Kondisi serupa juga tercermin pada subsektor tanaman perkebunan rakyat. Pada bulan Juni, indeks NTP subsektor ini berada di angka 117,10, turun 1,18 persen dari bulan sebelumnya. Penurunan ini disebabkan oleh turunnya indeks harga yang diterima petani (It) sebesar 0,76 persen, sementara indeks yang dibayar petani (Ib) justru meningkat 0,42 persen.
Penurunan It di subsektor ini berasal dari melemahnya harga komoditas utama tanaman perkebunan rakyat, khususnya kopi. Jika pada bulan sebelumnya It berada di angka 148,04, maka pada bulan Juni turun menjadi 146,92. Sementara Ib naik dari 124,94 menjadi 125,47. Peningkatan ini kembali disebabkan oleh dua komponen pengeluaran: konsumsi rumah tangga yang naik 0,45 persen dan BPPBM yang turut meningkat sebesar 0,30 persen.
Situasi ini menunjukkan bahwa meskipun ada subsektor yang masih menghasilkan nilai tukar positif, ketidakseimbangan antara pendapatan yang diterima dan pengeluaran yang harus dibayar petani tetap menjadi tantangan nyata.

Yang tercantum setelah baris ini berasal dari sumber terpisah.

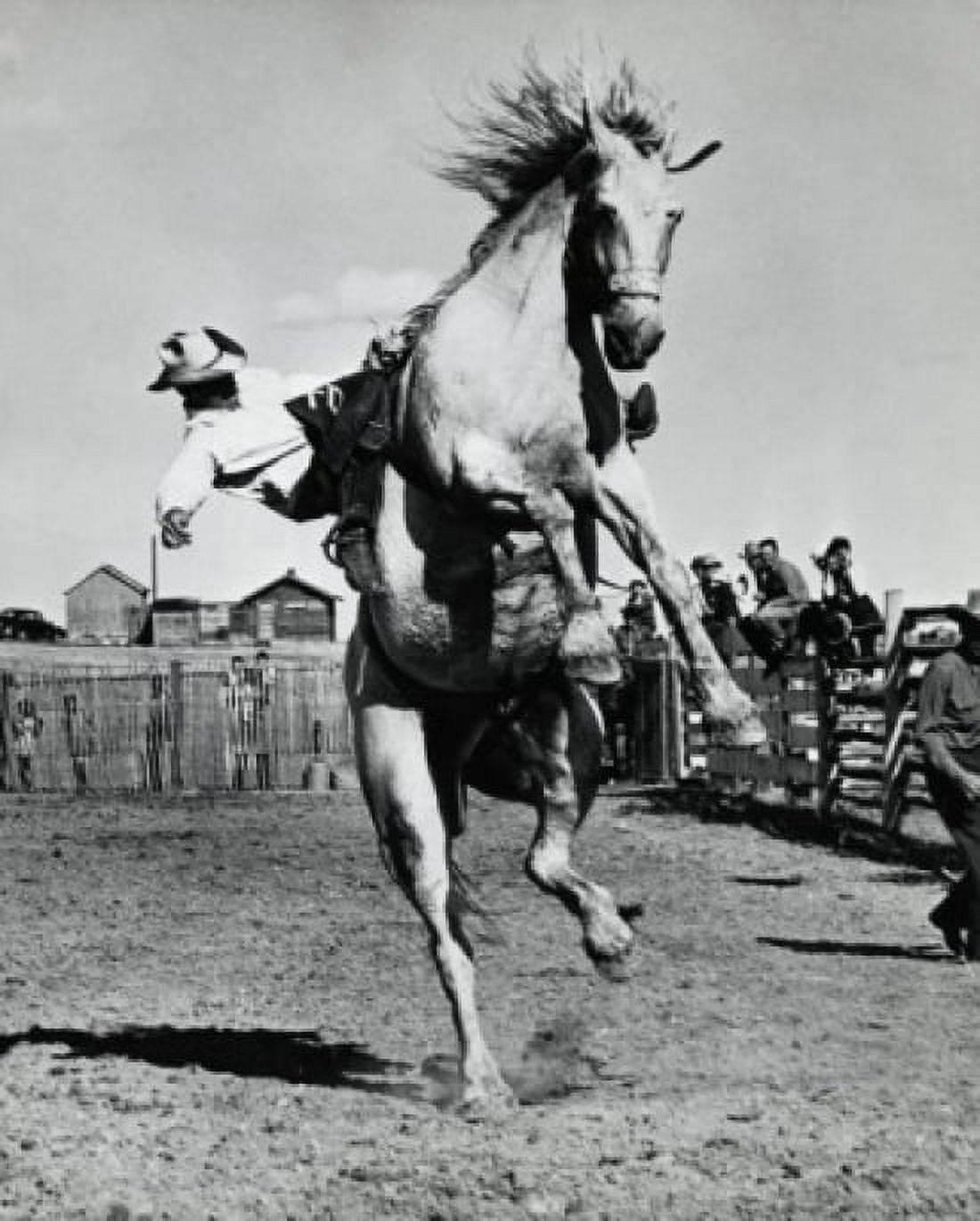 Cowboy riding a bucking horse at a rodeo Canvas Art - (24 x 36)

Khususnya ketika biaya konsumsi rumah tangga dan biaya produksi terus meningkat, sementara harga jual komoditas tidak naik secara proporsional.
Fenomena ini mencerminkan pentingnya stabilisasi harga dan pengendalian biaya produksi bagi para petani, terutama di tengah dinamika pasar yang cepat berubah. Ketergantungan pada beberapa komoditas utama seperti padi dan kopi juga membuat petani sangat rentan terhadap fluktuasi harga di pasar lokal maupun global.
Dengan mempertahankan NTP di atas 100, pemerintah dan pemangku kepentingan memang telah berhasil menjaga daya beli petani di Bali secara umum. Namun, tren penurunan yang mulai muncul menjadi sinyal bahwa upaya peningkatan produktivitas dan efisiensi produksi harus terus dilakukan. Selain itu, perlindungan harga komoditas strategis dan intervensi terhadap biaya input pertanian menjadi hal penting yang perlu dipertimbangkan lebih serius.
Di sisi lain, subsektor yang masih tertinggal seperti hortikultura, peternakan, dan perikanan memerlukan perhatian khusus. Program penguatan sektor-sektor ini dapat membantu pemerataan kesejahteraan di antara para petani lintas subsektor. Tanpa intervensi yang tepat, petani di sektor-sektor tersebut berpotensi mengalami penurunan kesejahteraan lebih jauh akibat ketidakseimbangan antara pendapatan dan pengeluaran.
Dengan kata lain, angka NTP bukan sekadar indikator statistik, melainkan cermin dari kondisi ekonomi mikro di tingkat petani. Saat beberapa komoditas utama seperti padi dan palawija masih mampu menopang indeks, sektor lain membutuhkan dukungan untuk menjaga keseimbangan. Penurunan NTP, sekecil apa pun, patut menjadi perhatian agar tak berkembang menjadi tren jangka panjang yang merugikan petani sebagai ujung tombak ketahanan pangan.